Wow I haven’t updated or wrote in this thing since the day after my birthday. So much has happen the last few months and I just wanted to write it out. So My birthday came and went. Well we took the kids to Disney in October. It was hard I missed him like crazy and I wish he was there to see the girls faces. I know that he was there in spirit but I wish he was there physically but I know if he was he still wouldn’t of made the trip. He was just too sick to make it. But we were still hopeful. Disney came and went November came. Well It was Danicas birthday Thanksgiving. So this was going to be hard but we knew we would get through it but again it was going to be hard. So Danicas birthday was good we just had a little get together. Thinking of possible doing her birthday in October some time because with it being in November a lot of people get sick. So that means her party is small so I think we are going to talk about it. Thanksgiving was hard. We had both sides of the family and they are talking about coming back this year. So we are excited about that. December came ugh Christmas another favorite for my dad.

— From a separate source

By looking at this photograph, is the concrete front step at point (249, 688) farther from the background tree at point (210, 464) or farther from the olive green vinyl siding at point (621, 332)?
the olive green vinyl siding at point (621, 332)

But with little tears and Christmas gifts to my mom and the kids we made it through it. So we go through that but than the 6 months came. Wow can not believe he has been gone for 6 months like where has the time gone. I guess when you keep your self busy and the months after his death are the busy ones with vacation, birthdays, holidays and illness times go by fast. New years came and nothing special went to my sisters. My mom didn’t want to do her annual party which I didn’t know until later in the week. So that was a little strange but it was still a good time.

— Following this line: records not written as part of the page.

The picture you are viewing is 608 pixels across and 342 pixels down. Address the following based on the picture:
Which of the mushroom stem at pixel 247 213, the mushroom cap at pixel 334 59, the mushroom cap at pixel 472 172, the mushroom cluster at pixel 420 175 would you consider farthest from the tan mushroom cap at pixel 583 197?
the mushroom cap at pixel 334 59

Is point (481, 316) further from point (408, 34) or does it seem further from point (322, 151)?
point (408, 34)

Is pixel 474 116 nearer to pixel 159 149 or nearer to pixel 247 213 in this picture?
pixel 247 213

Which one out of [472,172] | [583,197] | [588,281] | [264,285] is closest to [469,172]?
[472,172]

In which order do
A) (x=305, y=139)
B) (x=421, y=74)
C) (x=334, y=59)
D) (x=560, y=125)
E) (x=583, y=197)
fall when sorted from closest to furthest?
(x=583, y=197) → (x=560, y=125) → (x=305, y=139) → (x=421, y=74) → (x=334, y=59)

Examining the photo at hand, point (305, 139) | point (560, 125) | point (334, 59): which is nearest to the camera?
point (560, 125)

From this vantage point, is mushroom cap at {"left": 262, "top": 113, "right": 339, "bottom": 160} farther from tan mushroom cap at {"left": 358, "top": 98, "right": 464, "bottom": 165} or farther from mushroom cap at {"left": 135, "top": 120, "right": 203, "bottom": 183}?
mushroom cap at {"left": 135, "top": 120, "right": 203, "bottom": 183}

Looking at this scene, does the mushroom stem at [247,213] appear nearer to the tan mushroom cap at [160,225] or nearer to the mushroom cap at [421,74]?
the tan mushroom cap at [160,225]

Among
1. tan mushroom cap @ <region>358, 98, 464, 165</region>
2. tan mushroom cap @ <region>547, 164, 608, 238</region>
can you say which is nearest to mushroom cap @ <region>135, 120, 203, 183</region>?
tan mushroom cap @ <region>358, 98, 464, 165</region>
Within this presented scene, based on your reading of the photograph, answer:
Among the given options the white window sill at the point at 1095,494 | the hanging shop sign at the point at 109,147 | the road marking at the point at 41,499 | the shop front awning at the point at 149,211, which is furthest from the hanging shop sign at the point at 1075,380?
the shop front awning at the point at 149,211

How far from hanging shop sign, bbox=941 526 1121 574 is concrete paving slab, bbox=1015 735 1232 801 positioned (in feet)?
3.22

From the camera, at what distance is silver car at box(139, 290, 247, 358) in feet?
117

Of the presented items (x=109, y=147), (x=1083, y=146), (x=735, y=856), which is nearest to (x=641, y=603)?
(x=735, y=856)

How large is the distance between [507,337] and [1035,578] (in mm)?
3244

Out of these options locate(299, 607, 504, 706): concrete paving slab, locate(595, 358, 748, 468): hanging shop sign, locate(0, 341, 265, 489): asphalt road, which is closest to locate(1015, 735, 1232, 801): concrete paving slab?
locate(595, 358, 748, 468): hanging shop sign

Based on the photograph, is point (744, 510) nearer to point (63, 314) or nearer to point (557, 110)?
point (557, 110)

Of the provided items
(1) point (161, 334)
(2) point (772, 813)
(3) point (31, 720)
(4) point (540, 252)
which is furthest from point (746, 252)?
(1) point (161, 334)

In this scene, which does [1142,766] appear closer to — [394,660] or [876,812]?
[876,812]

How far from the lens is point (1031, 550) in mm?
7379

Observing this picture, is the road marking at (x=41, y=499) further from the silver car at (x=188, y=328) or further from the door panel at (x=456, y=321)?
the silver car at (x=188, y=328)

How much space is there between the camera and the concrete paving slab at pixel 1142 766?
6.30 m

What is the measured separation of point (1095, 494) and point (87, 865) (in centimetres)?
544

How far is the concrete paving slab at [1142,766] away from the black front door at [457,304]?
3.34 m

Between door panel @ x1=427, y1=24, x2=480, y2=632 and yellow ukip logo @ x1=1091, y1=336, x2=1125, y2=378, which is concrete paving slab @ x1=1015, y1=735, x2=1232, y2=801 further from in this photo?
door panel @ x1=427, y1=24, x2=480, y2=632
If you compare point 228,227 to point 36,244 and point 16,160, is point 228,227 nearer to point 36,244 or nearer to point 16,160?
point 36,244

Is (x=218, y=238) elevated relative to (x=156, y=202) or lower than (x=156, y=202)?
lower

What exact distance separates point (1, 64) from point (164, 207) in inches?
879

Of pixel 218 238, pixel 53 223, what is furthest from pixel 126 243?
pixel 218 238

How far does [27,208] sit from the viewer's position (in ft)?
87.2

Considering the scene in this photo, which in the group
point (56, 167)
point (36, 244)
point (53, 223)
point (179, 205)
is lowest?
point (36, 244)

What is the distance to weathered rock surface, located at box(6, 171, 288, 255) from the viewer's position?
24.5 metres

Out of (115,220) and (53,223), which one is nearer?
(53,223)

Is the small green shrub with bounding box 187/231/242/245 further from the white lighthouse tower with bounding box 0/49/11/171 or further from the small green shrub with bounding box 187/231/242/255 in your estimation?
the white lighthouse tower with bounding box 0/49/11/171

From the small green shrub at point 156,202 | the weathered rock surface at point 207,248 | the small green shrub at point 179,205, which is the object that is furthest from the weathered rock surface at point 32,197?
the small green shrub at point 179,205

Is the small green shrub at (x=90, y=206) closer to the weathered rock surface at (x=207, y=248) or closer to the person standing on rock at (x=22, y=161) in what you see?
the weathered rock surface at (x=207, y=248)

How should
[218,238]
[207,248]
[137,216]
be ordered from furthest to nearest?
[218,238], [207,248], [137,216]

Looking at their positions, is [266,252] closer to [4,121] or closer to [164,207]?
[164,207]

Danica: She has been talking about her best friend a lot lately. She really miss him the last few weeks and she doesn’t understand but than she does understand. She had a pet beta and her name was dory and she died. She cried but she said that her pop pop will take good care of her until they meet again. I cried just with her. So we are going to get her anther one here soon. She has been asking for one. So we are going to get her one. She only has 4 months left of school and than I will have a kindergartner ahhhh. She is such a little lady I cant wait to see what happen in the next few months. They are talking that they probably don’t have to put her in speech next year she is coming around and what not. I have seen a big difference.

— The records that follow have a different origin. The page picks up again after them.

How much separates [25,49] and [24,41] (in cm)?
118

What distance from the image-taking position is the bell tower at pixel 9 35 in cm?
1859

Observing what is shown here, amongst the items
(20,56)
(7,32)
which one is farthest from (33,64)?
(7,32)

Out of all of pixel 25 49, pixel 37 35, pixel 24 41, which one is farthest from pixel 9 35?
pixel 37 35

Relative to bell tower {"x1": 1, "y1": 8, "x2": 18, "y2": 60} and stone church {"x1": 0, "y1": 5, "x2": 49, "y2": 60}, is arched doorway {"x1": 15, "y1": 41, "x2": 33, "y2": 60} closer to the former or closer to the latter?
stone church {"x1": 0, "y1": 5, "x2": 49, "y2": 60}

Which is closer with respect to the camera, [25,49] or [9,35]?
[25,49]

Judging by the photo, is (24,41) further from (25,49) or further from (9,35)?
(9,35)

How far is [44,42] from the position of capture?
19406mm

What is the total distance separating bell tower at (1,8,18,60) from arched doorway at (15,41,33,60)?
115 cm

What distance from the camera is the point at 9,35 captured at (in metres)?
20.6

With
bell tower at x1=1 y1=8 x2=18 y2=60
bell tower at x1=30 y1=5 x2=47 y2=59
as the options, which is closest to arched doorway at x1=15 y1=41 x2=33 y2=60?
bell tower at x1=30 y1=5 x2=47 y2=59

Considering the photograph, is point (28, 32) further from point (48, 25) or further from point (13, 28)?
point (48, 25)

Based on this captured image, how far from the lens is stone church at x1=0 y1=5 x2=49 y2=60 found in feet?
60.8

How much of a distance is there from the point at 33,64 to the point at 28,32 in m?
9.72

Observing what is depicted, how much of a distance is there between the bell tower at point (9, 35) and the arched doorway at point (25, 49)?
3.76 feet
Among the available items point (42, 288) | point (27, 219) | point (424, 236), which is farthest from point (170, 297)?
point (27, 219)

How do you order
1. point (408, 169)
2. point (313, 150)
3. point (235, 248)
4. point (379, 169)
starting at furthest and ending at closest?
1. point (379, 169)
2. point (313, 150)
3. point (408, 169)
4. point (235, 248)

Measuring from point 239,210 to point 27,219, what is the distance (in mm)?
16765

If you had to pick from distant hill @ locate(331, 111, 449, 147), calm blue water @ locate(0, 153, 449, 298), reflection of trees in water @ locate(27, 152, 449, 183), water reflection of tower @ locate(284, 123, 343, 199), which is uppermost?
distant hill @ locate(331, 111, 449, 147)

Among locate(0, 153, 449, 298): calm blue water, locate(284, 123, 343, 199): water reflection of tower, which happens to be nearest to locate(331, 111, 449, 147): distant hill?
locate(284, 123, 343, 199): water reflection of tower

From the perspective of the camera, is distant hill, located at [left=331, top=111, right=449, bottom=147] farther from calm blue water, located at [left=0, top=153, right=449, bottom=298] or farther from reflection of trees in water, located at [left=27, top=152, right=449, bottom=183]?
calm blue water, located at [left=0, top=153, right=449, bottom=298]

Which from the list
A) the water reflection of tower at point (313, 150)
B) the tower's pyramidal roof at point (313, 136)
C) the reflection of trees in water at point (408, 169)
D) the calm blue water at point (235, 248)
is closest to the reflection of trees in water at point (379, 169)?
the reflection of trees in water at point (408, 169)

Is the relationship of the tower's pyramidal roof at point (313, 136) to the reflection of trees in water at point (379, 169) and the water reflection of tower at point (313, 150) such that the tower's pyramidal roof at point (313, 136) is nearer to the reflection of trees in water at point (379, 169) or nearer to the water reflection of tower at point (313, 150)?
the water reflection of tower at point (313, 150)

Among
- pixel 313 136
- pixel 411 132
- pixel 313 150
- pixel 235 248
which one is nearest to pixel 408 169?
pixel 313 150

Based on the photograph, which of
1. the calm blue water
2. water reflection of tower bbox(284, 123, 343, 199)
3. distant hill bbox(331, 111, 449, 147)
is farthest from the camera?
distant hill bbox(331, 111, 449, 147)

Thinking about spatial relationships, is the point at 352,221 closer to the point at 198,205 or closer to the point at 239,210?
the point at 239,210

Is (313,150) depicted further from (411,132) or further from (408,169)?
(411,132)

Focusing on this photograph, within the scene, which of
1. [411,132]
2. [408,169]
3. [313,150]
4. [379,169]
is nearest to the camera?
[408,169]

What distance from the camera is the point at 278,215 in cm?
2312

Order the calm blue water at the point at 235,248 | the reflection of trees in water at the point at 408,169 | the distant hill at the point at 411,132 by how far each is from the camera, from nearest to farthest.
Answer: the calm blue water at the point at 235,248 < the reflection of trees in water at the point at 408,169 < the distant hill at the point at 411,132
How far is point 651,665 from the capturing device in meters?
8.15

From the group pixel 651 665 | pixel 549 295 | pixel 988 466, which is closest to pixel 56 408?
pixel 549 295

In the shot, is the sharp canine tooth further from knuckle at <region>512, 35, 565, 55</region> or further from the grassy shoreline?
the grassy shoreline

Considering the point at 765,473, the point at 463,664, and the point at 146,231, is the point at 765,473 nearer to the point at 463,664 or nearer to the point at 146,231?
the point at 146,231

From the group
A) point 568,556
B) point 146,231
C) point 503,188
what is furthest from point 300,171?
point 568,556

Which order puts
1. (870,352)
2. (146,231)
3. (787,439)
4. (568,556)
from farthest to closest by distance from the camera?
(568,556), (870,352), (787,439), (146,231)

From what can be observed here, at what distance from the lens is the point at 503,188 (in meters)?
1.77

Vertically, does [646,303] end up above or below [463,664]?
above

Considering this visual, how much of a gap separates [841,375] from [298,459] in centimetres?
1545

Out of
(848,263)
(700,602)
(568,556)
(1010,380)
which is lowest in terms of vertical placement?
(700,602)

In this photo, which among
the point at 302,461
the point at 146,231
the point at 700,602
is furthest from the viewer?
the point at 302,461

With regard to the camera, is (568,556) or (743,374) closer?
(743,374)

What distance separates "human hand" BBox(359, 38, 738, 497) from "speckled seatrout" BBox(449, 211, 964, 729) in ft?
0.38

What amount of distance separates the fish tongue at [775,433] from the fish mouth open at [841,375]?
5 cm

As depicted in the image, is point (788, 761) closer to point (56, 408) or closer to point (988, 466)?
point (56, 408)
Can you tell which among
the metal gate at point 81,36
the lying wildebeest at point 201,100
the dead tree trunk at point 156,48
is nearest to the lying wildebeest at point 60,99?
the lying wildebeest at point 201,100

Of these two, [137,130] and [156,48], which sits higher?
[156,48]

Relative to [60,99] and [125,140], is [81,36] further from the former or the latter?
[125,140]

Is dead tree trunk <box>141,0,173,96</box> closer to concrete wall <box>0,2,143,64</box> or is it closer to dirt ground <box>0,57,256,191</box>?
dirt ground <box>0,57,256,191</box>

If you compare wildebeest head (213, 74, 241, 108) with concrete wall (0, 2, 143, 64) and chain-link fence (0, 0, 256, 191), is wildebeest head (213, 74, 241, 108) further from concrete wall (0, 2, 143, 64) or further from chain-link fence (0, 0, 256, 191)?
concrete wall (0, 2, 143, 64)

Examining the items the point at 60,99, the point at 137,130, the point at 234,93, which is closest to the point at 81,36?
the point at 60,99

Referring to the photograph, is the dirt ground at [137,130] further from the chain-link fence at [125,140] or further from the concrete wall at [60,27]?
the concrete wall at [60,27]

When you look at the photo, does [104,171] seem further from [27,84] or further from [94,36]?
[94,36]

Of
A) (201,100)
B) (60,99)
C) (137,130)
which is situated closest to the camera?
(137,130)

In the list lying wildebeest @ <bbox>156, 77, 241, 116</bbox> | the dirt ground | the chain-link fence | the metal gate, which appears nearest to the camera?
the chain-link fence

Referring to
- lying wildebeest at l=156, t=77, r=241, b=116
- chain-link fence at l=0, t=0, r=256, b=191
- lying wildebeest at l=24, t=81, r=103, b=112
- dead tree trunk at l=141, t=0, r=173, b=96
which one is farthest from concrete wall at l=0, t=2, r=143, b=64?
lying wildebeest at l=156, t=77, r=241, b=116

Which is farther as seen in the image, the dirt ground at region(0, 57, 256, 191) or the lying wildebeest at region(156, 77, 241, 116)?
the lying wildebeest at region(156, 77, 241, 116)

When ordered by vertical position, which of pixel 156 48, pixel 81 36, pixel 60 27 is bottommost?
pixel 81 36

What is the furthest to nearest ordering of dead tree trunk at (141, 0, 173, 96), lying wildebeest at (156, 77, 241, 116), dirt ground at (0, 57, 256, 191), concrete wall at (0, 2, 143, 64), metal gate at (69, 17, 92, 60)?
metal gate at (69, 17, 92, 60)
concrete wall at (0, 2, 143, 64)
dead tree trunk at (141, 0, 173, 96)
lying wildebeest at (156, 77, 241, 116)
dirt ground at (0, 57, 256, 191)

Madyson: Oh my lil peanut. what to say what to say.. She is a mess. LOL no seriousely she is amazing. well I decided that it was time to get rid of the diapers. Yeah so this past Tuesday I started potty training. She is doing okay she doesn’t like going out yet so that’s been a challenge and the other is that she like to hold her pee in for hours and im telling you all HOURS. she can hold it from 6pm till 1030 am. She still wears a diaper at night and she was doing amazing. Well this morning she peed in it. So now we start back over on the 7 nights of diapers. last night would of been the 7th night well now it starts back over:( But she will get it. She pooped 3 times on the potty which is great! She keeps holding her butt so I know the poop is coming. She is also doing okay in speech. She needs a lot of work. So we will see what happens. Second thing she may be able to start preschool in November. Which would be amazing. So I have to get the papers together so that I can get them filled out for school.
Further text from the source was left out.